I totally get the therapeutic/tough love kind of approach you posted, but (especially when we are so pressed for time) it can come off as a little bit defensive/excuse-making + parental + chastisement. If there is even a tinge of anything that can make the patient feel chastised or unimportant as a person...it just won't work, and makes many people downright contentious even if they are just a little anxious or scared.
Just some food for thought! Good luck ~
Nurse SMS, MSN, RN
6,843 Posts
I had a patient just like this. She suffered from extreme anxiety and terrible loneliness.
You cannot make the family hire someone from the outside, but I did call a family meeting and got everyone in the room along with the patient. I went over the things the patient was demanding, the amount of time the patient was taking and explained that the patient was requiring a level of care we were unable to provide without increased family support. In this case, the patient was a little embarrassed and the family stepped up to help more. That won't always be the case and you will want to proceed with the blessing of your manager if you take this route.
Consider also requesting a psych consultation. These behaviors are not normally due to the patient simply being a jerk. Usually it is a combination of anxiety, depression and powerlessness combined with feeling ignored by family and friends.
canoehead, BSN, RN
6,901 Posts
I will usually encourage them to do things themselves in the name of regaining independence, and mobilizing more. I'll stand there and watch to make sure they don't have any trouble, do some verbal cuing, and ask them about how things are going generally. It takes about 4 times as long than doing it myself, but the patients start to take more initiative, or I find out about physical issues I didn't understand. Often, they just need more attention, a little pep talk, and they may need it several times a shift, but it's nicer for both of us to know what the real problem is.
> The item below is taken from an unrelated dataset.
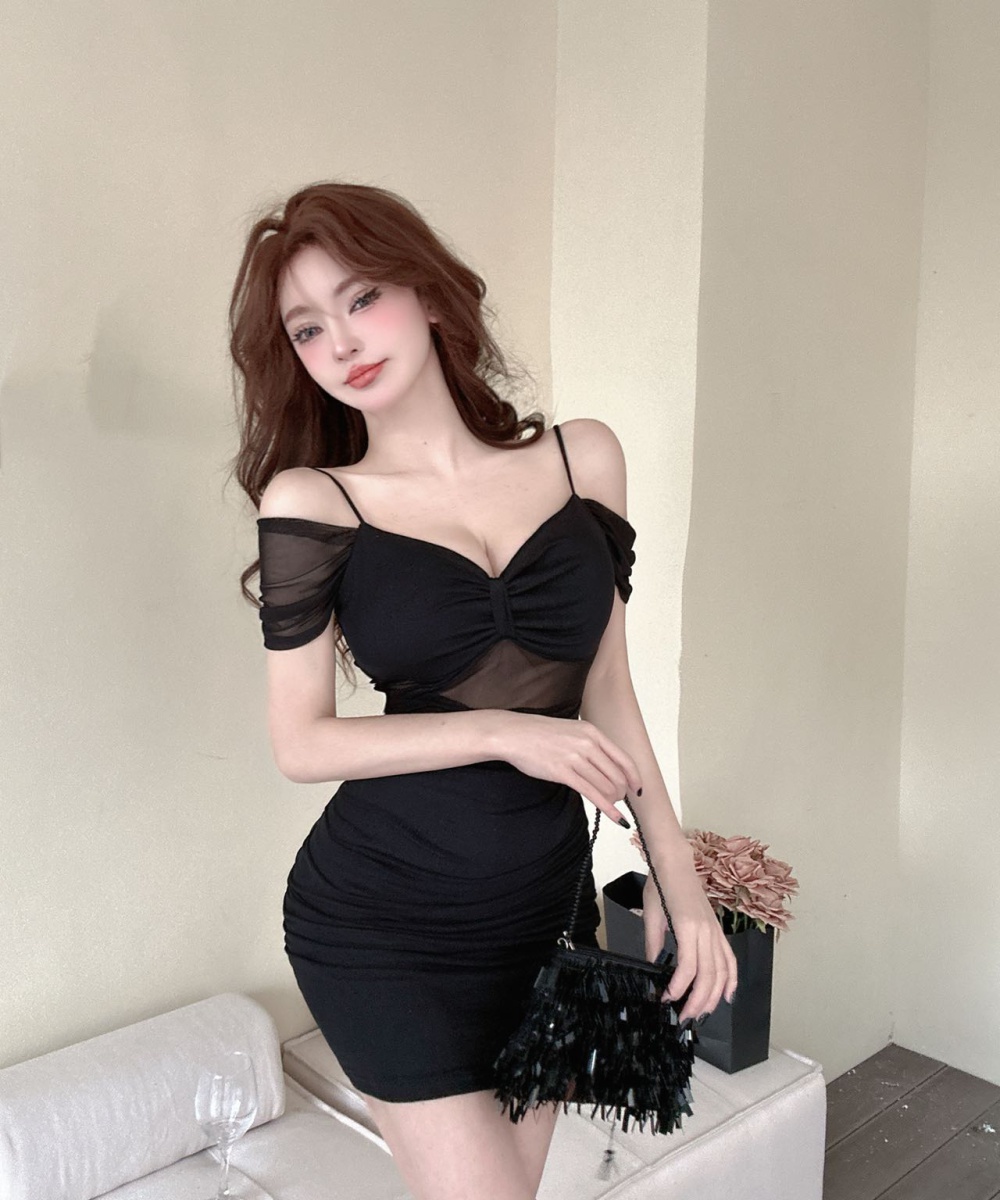 Sling bottoming low-cut sexy package hip dress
Snatchedwig, BSN, CNA, LPN, RN
427 Posts
I had a patient like that last week. I ended up getting 'fired' from her because I told her this is a hospital and not a Marriott. I had a lovely shift, thus forth.
caliotter3
38,333 Posts
We had one like her when I was a CNA. Particularly grating was the turned on tape recorder inside her bedside table. After getting no support from the charge nurses other than “answer her call bell we can’t have her disturbing others throughout the night”, we confronted her about the tape recorder and her attempts to trap us with it. I then started making a point to attend to each of the three roommates who were unable to seek help before I walked over to her bed to move her pillow one half inch. I let her know what I was doing to help the others in the facility and I am sure she knew why I went to the other residents before her. I am surprised this did not end with me being written up or fired. But then the nurses were known for seeking the path of least resistance.
Forest2
625 Posts
I have had lots of these types of patients. They can't reach the bed control which is 2 whole inches from the end of their finger. Yep, it's a real nuisance. If you don't have time to get down to the nitty gritty cause of it all, then see if you can get a psych consult or at least social services to have a meeting with everyone. There needs to be a special plan in place for this patient and everyone has to be on the same page or else she will drive everyone crazy and the care overall will deteriorate. Get everyone involved. One person can't fix this problem for this patient.